La démo parvient à susciter cette curiosité sans donner l'impression d'avoir déjà dévoilé son jeu. C'était l'une des grandes qualités ressenties lors de sa découverte et cela reste aujourd'hui l'une de ses principales forces. Le fait qu'un projet dont la première démo remonte à 2022 vise désormais une sortie en 2027 témoigne également d'un développement particulièrement long. Ce n'est évidemment pas une garantie de qualité, mais Zeitgeist Studio a encore plusieurs mois pour peaufiner une proposition dont les fondations sont déjà particulièrement intéressantes.

    Notre avis provisoire : NAME OF THE WILL sait déjà nous mettre profondément mal à l'aise

    NAME OF THE WILL fait partie de ces jeux dont l'intérêt devient beaucoup plus évident lorsqu'on commence réellement à y jouer. Visuellement, il ne cherche pas la prouesse technique. Dans ses mécaniques, il utilise pour le moment des éléments relativement classiques d'aventure narrative et d'énigmes. Pourtant, l'association de ces différents éléments avec son univers donne naissance à quelque chose de beaucoup plus singulier. Parce que le véritable adversaire ne semble pas être une créature. C'est HOPE elle-même.

    Ses règles. Ses sourires. Son besoin permanent de conformité. Cette façon de faire progressivement accepter l'inacceptable en le transformant simplement en nouvelle norme. Oui, le jeu est malaisant. Oui, certaines situations sont difficiles.
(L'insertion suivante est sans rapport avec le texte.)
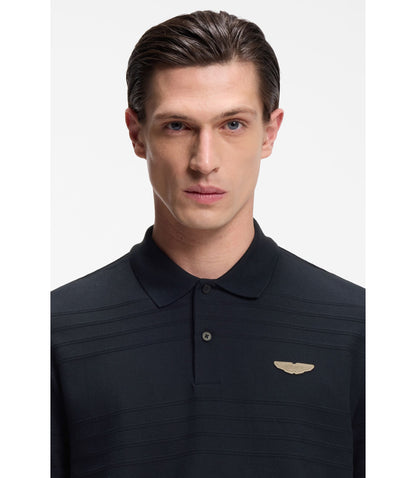 Boss X Aston Martin Polo Shirt In Cotton Jacquard Dark Blue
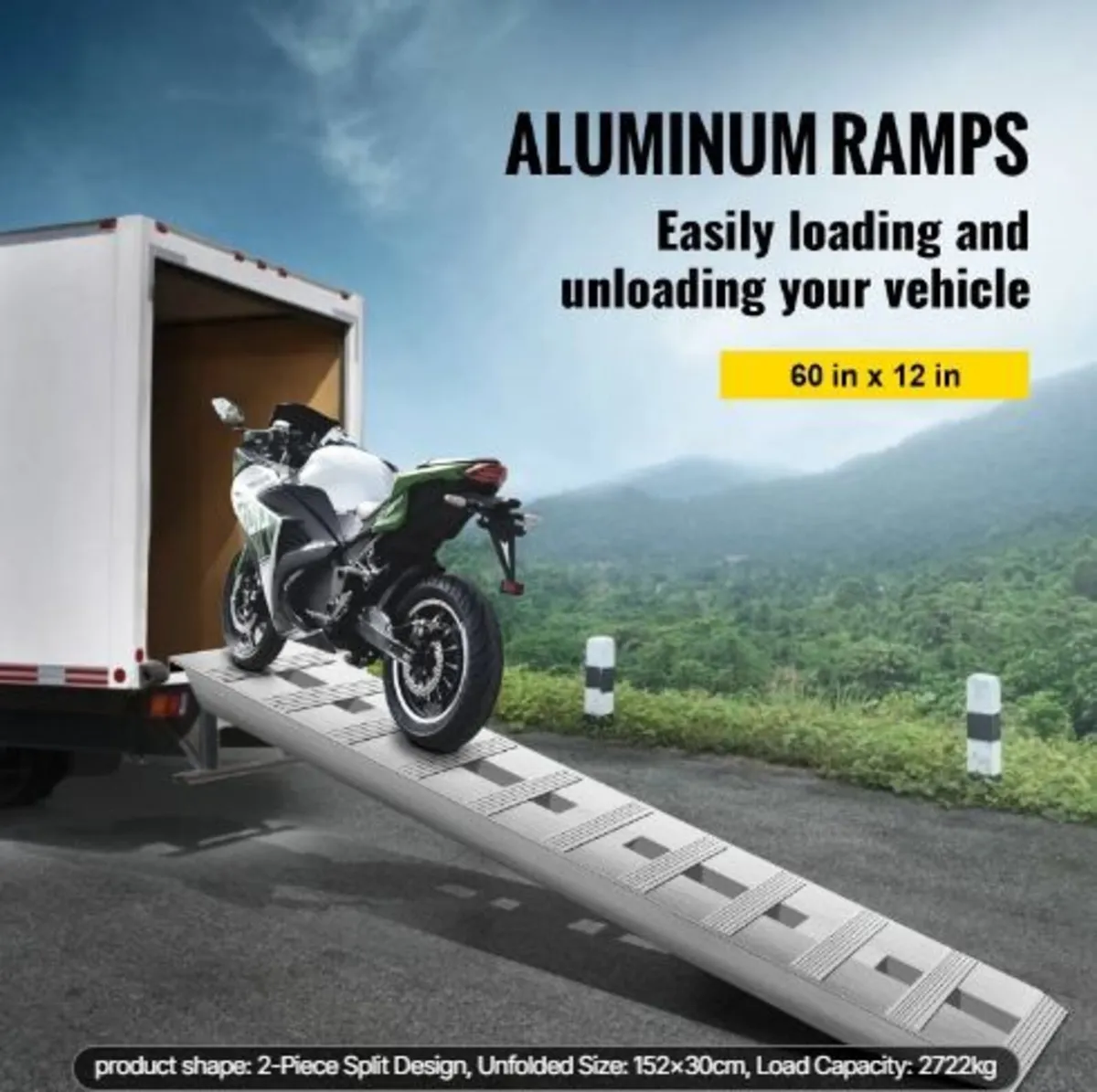 152.4 x 30.5 cm Aluminum Trailer Ramps - Image 3
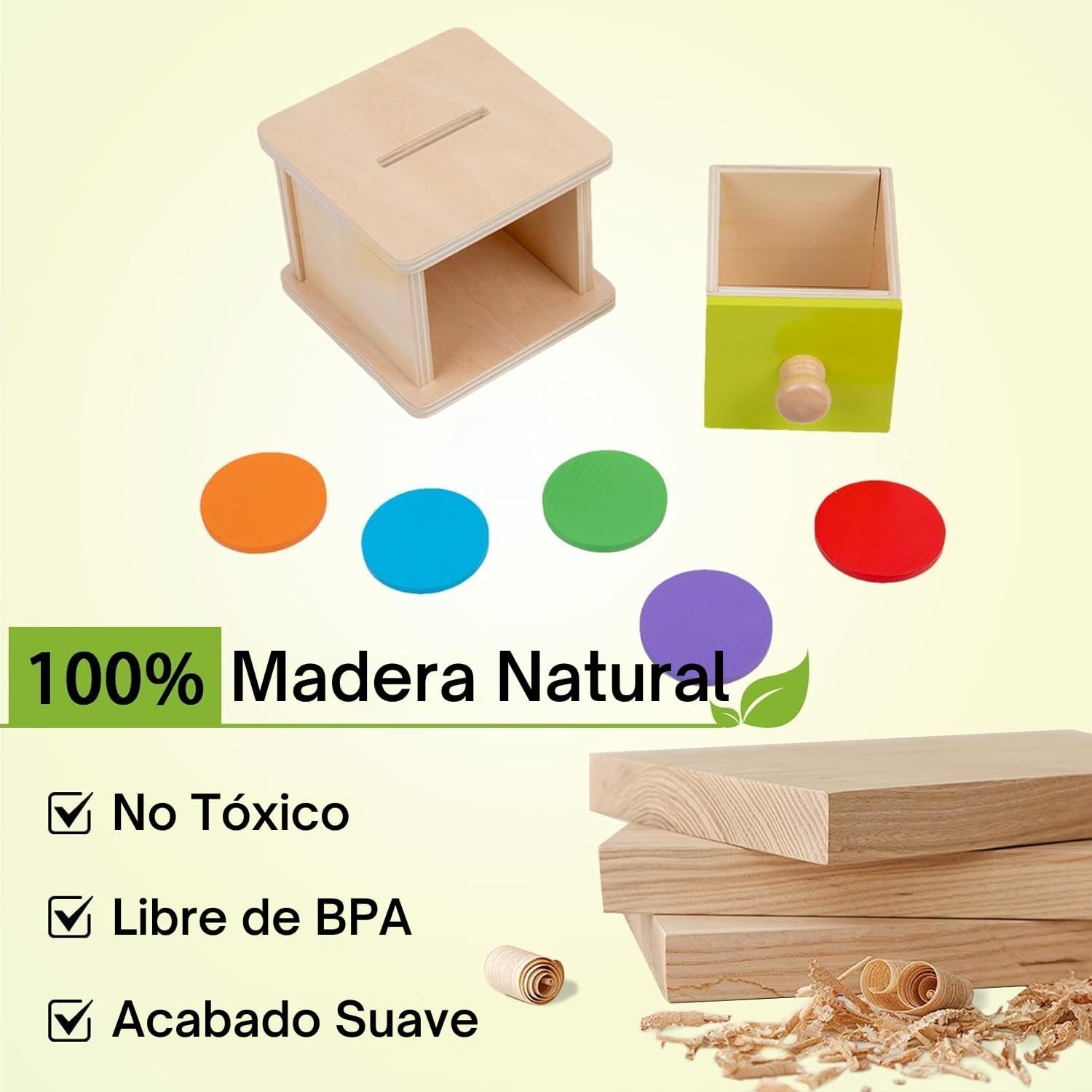Detalle 2 de Adena Montessori Coin Box wooden toy for 6‑12 months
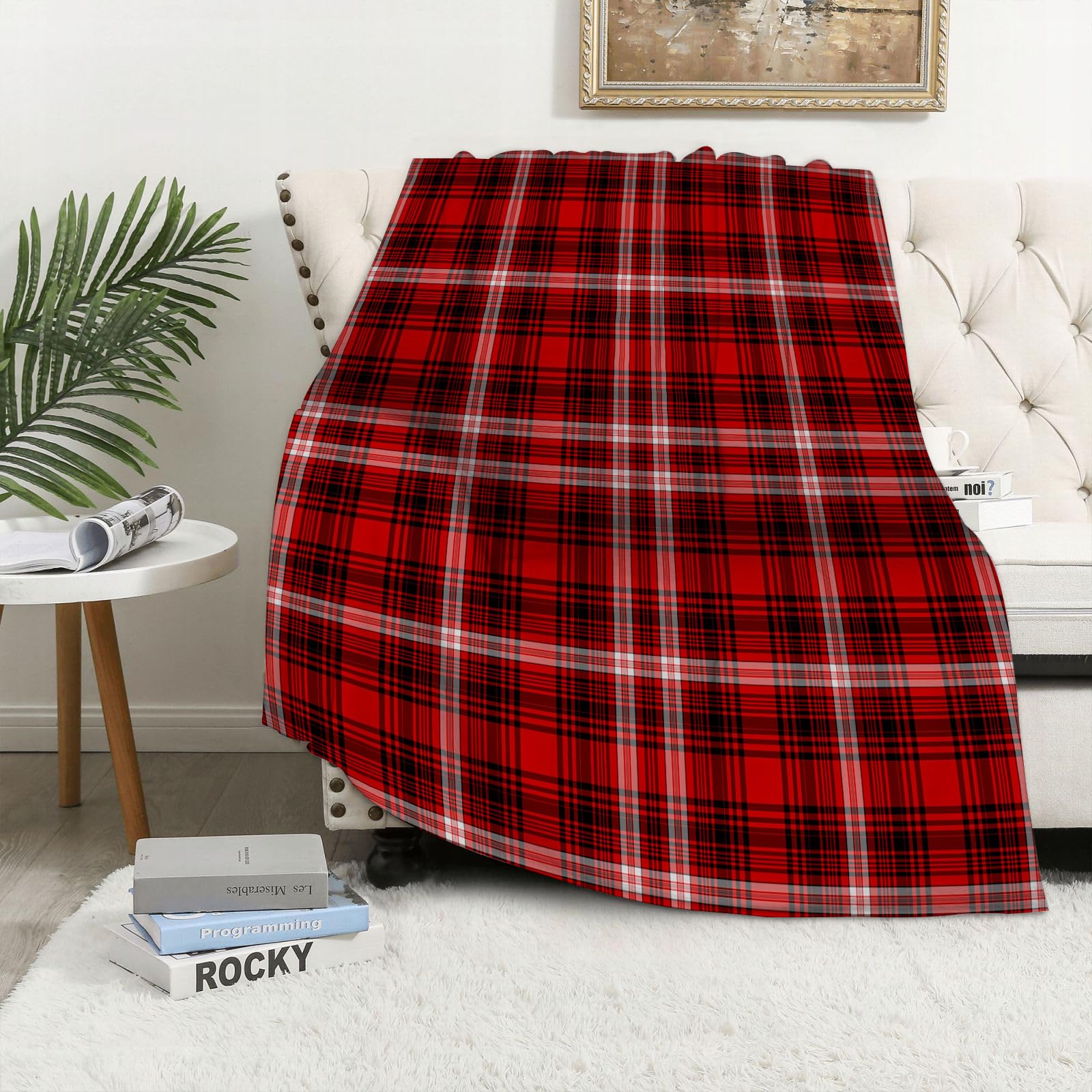 Kuscheldecke Flauschig Decke Fleecedecke Nahtloses rot-weiß-schwarzes Karomuste Wohndecke Warm Winter Weich,Decke Couch Blanket,Wohn- & Kuscheldecken 150 x 200 cm,Sofa überwurfdecke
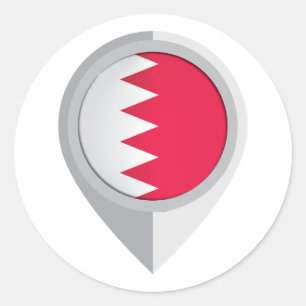 Ortsflagge für Bahrain-Button Runder Aufkleber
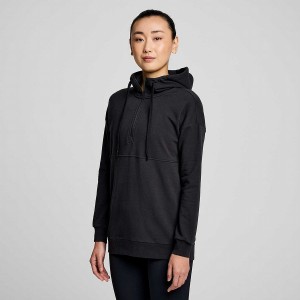 Black Saucony Recovery Zip Tunic Women's Hoodie | Malaysia S36912-B37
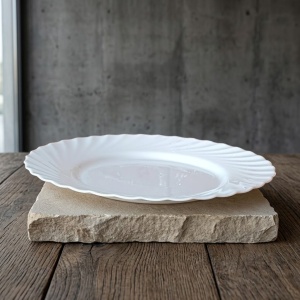 Set 6 farfurii din opal, rotunde, albe, intinse 25cm - Img 2
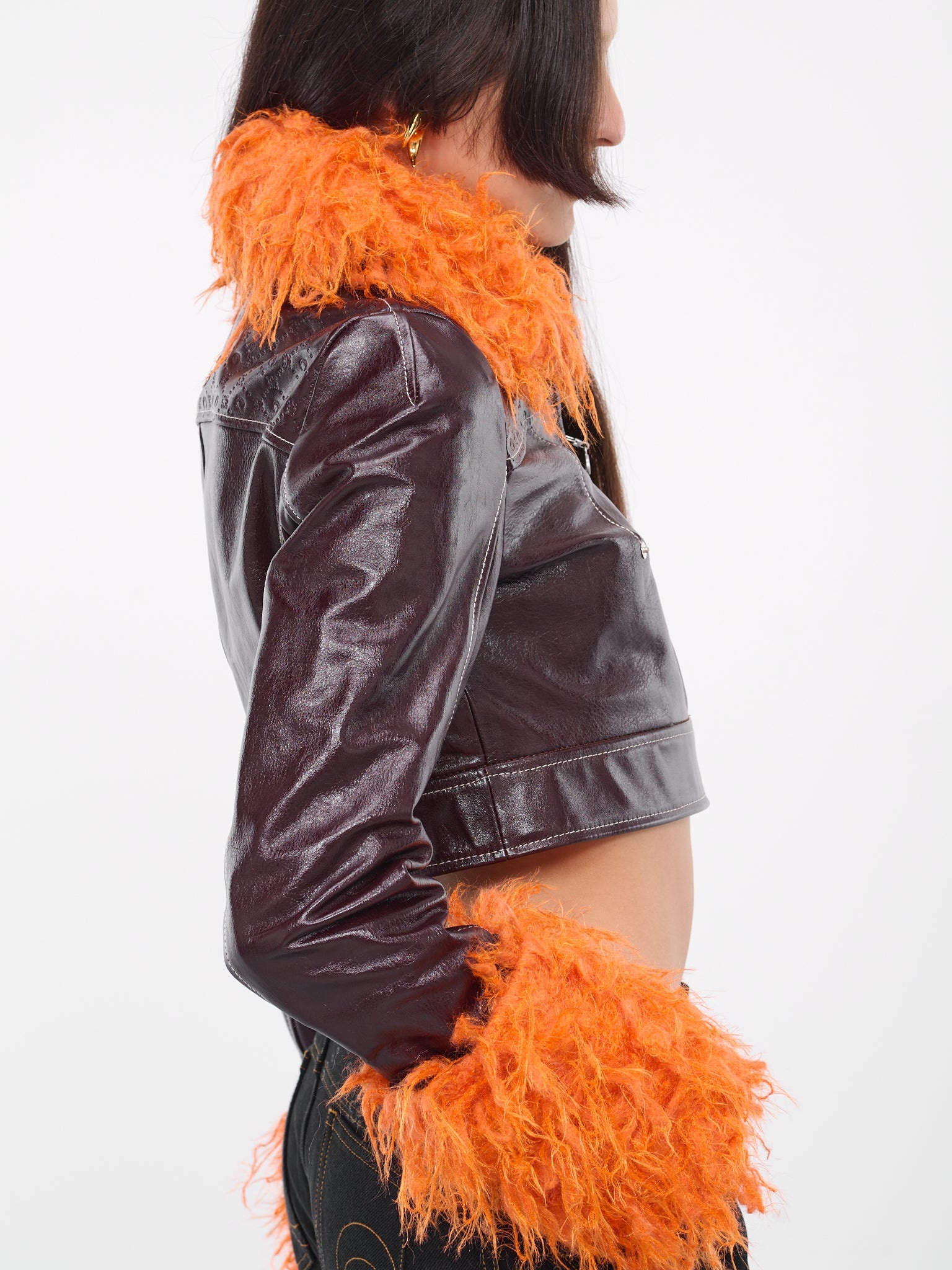 Embossed Leather Jacket - 5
Mais c'est précisément ce qu'il cherche à provoquer. Et lorsqu'un jeu d'horreur psychologique réussit déjà, en quelques dizaines de minutes, à faire naître une véritable sensation d'inconfort tout en donnant immédiatement envie de comprendre ce qui se cache derrière son univers, une bonne partie du travail est accomplie.

    NAME OF THE WILL reste donc l'un des titres indépendants découverts à la Gamescom qui nous intrigue le plus.

    Maintenant, une seule chose compte : savoir jusqu'où Zeitgeist Studio est prêt à pousser son concept.

    Réponse prévue au premier trimestre 2027.